Return each entry word for word. Leave the images out.

=-=-=

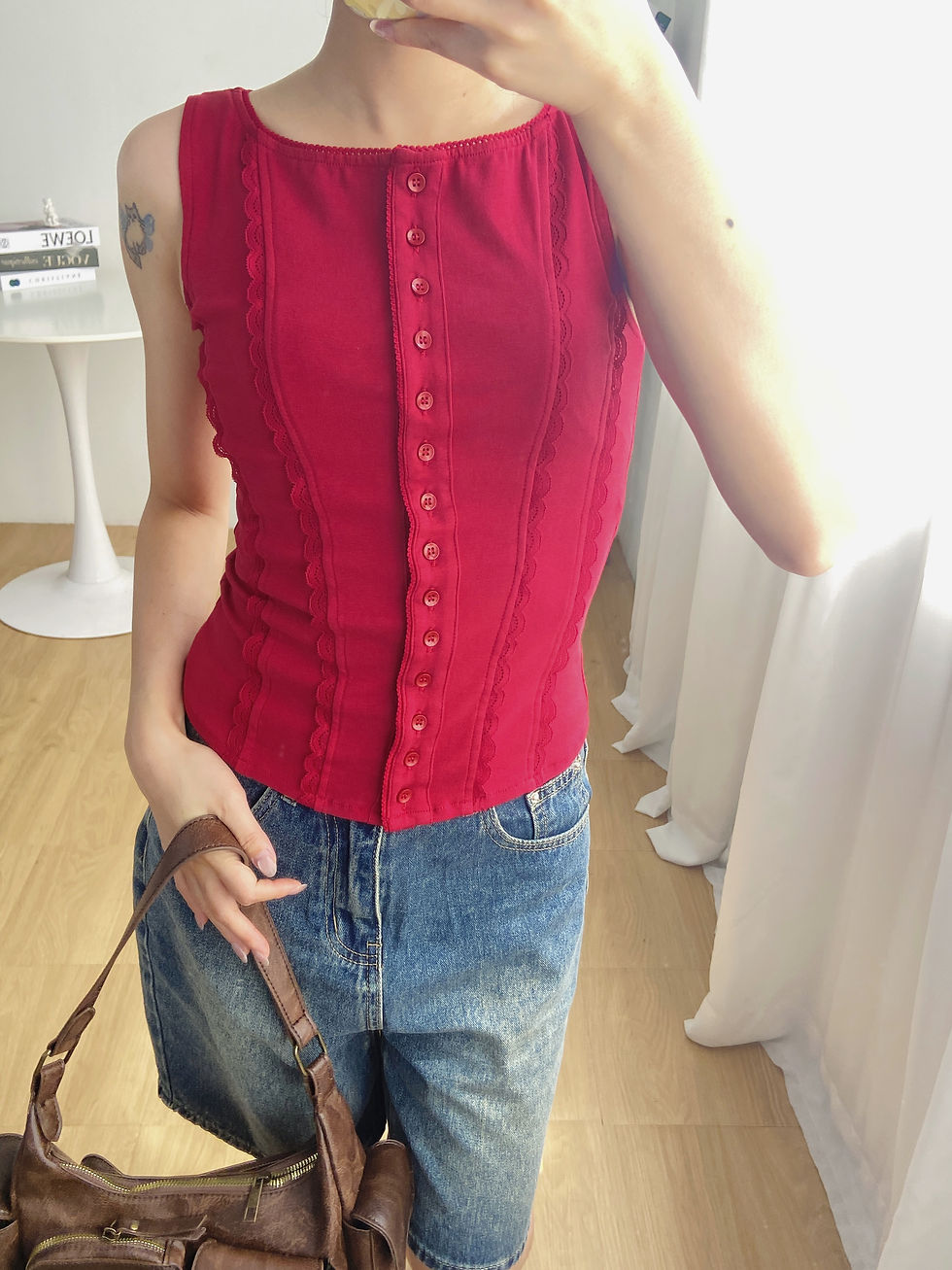 Thumbnail: Scarlet Top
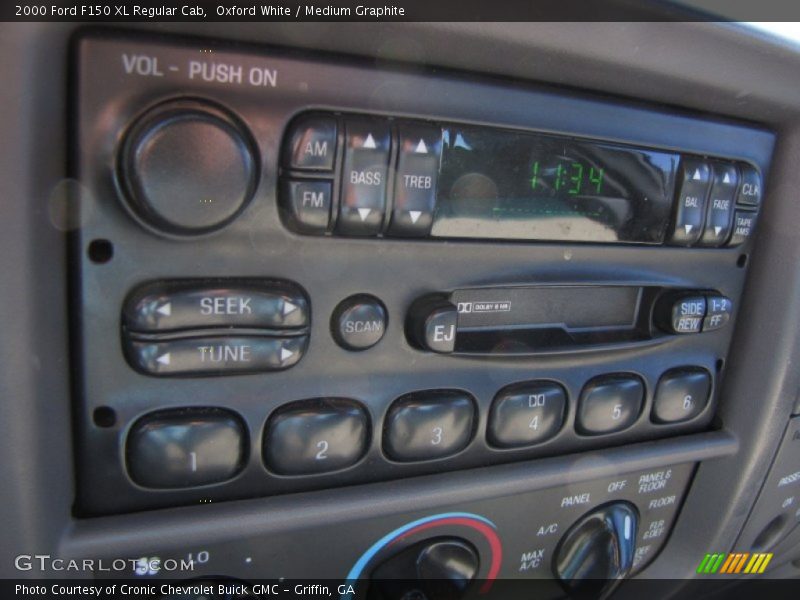 Oxford White / Medium Graphite 2000 Ford F150 XL Regular Cab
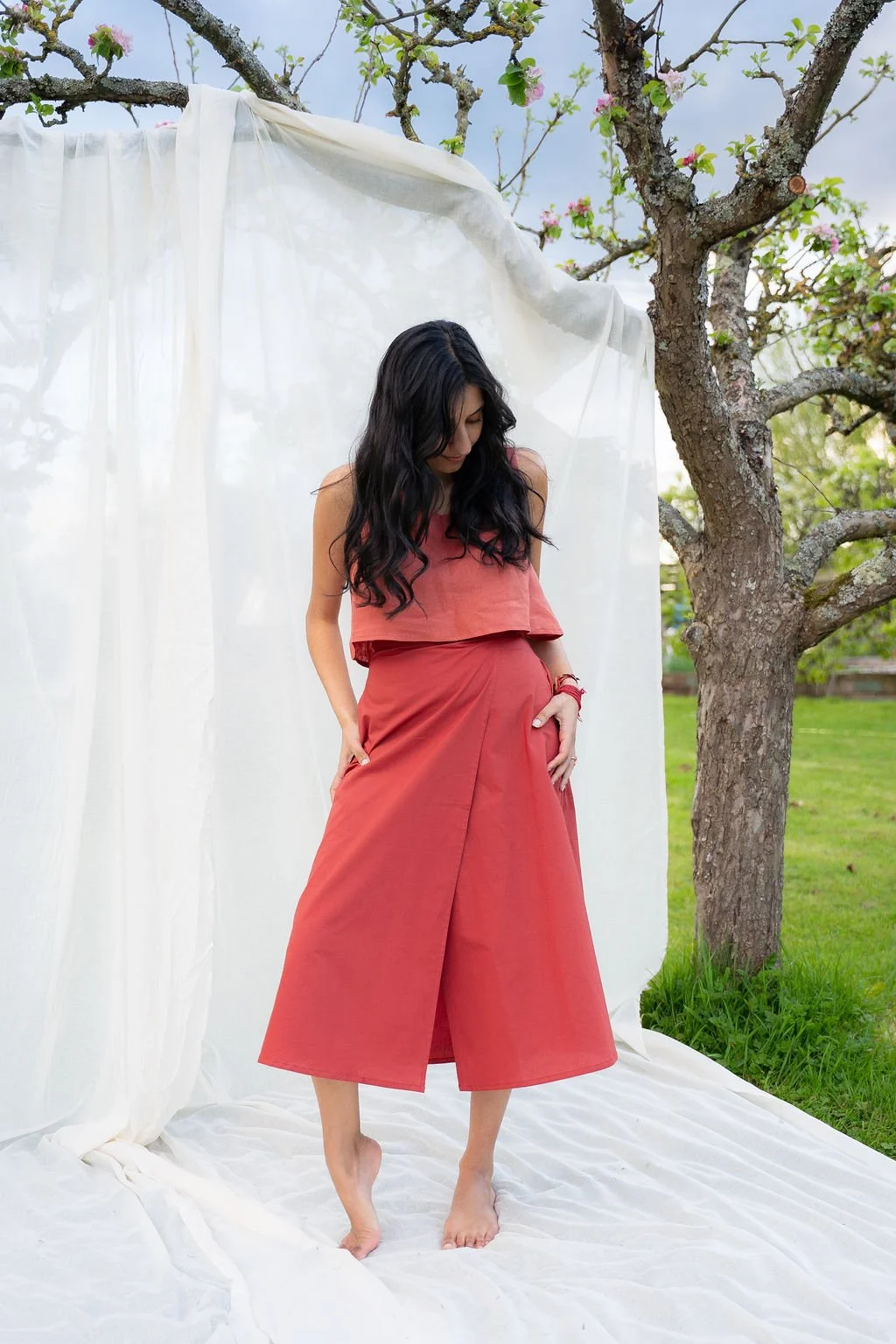 Cotton wrap skirt in Rust
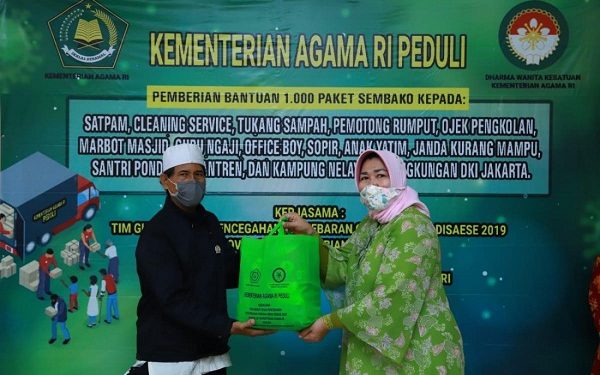 Kemenag Peduli Bantu Masyarakat Terdampak Covid-19
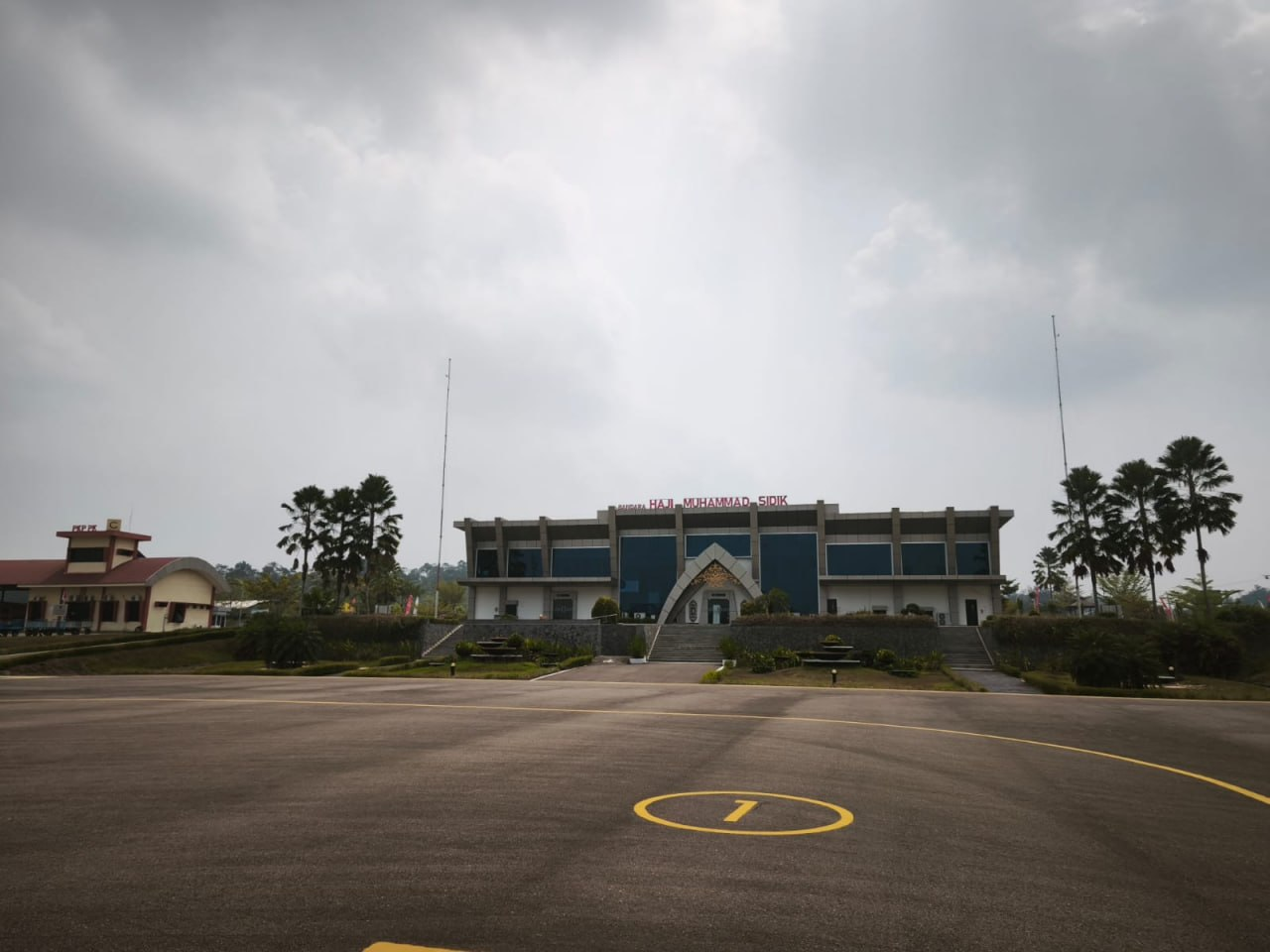 Bandara Haji Muhammad Sidik — pengembangan bandara daerah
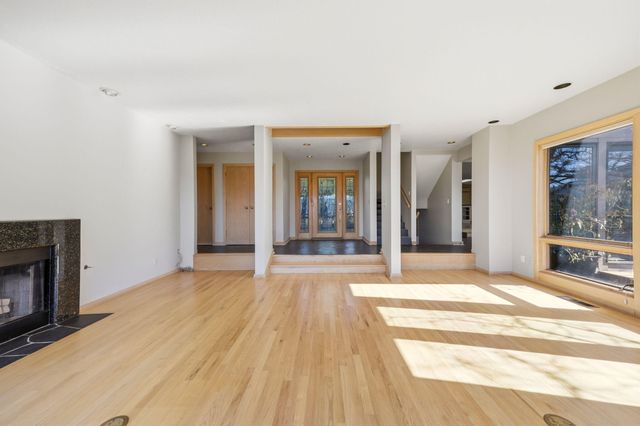 6023 Hillcrest Road, Medford, OR 97504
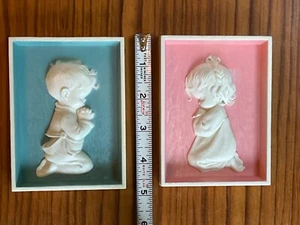 VTG 60' Set Pair Praying Boy Girl Molded Small Plastic Wall Hanging Plaques Kids - Picture 1 of 20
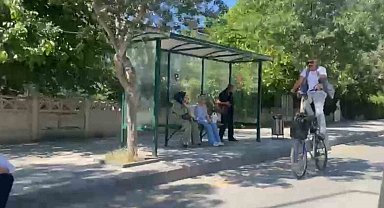 Elazığ'da ilginç görüntü: Yüksek bisikletiyle caddede tur attı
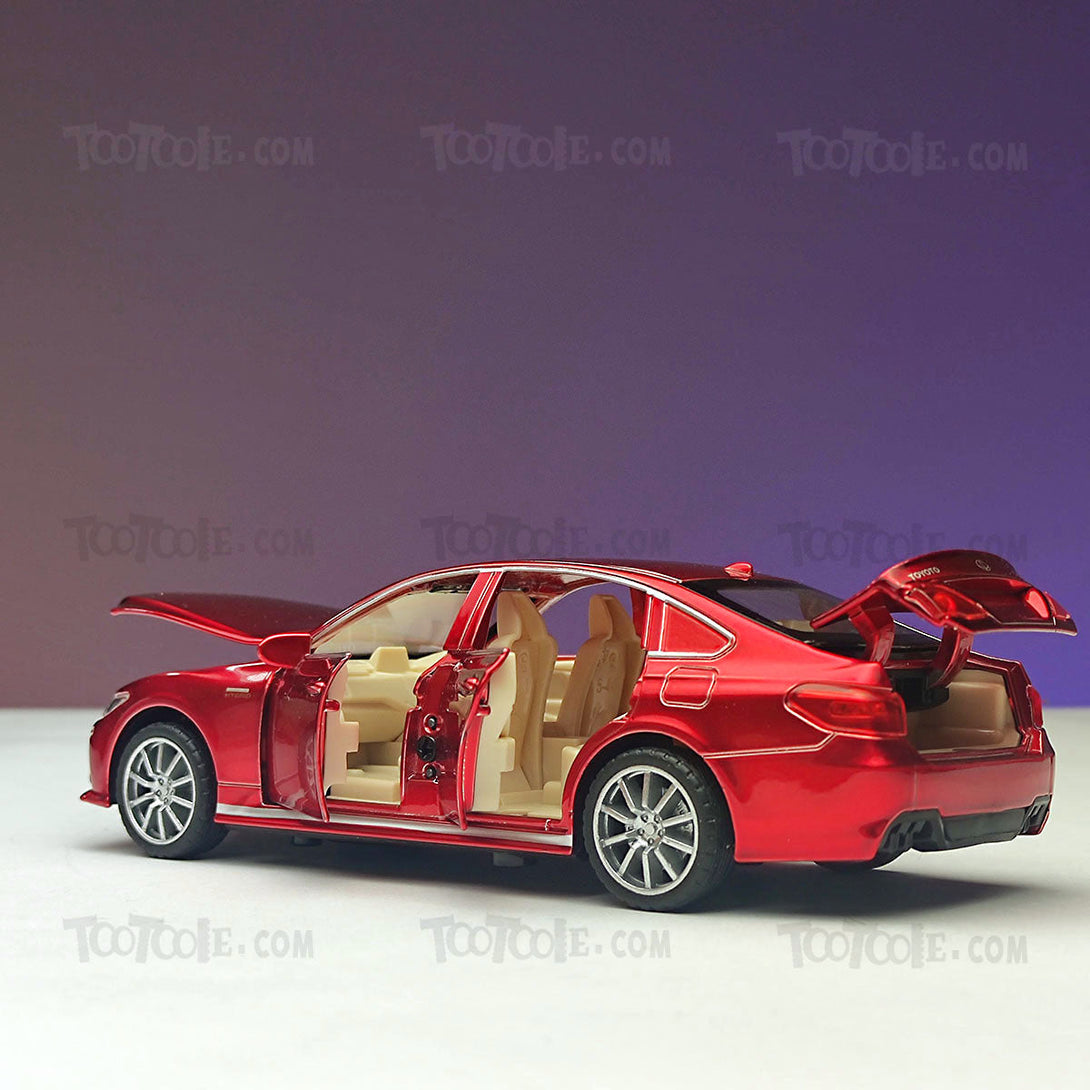 diecast-car-1-32-toyota-crown-luxury-suv-pull-back-car-model-with-sound-light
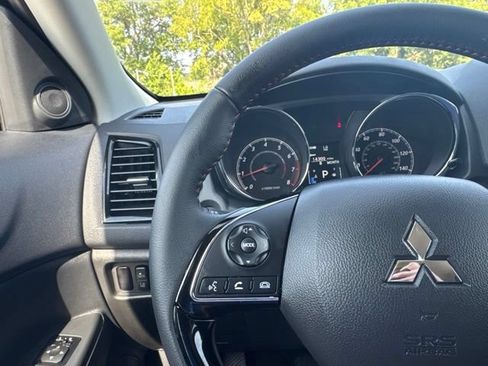 Used 2026 Mitsubishi Outlander Sport AWD image 12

=-=-=

▸ Solved problem
 Thumbnail: Scarlet Top
 Oxford White / Medium Graphite 2000 Ford F150 XL Regular Cab
 Cotton wrap skirt in Rust
 Kemenag Peduli Bantu Masyarakat Terdampak Covid-19
 Bandara Haji Muhammad Sidik — pengembangan bandara daerah
 6023 Hillcrest Road, Medford, OR 97504
 VTG 60' Set Pair Praying Boy Girl Molded Small Plastic Wall Hanging Plaques Kids - Picture 1 of 20
 Elazığ'da ilginç görüntü: Yüksek bisikletiyle caddede tur attı
 diecast-car-1-32-toyota-crown-luxury-suv-pull-back-car-model-with-sound-light
 Used 2026 Mitsubishi Outlander Sport AWD image 12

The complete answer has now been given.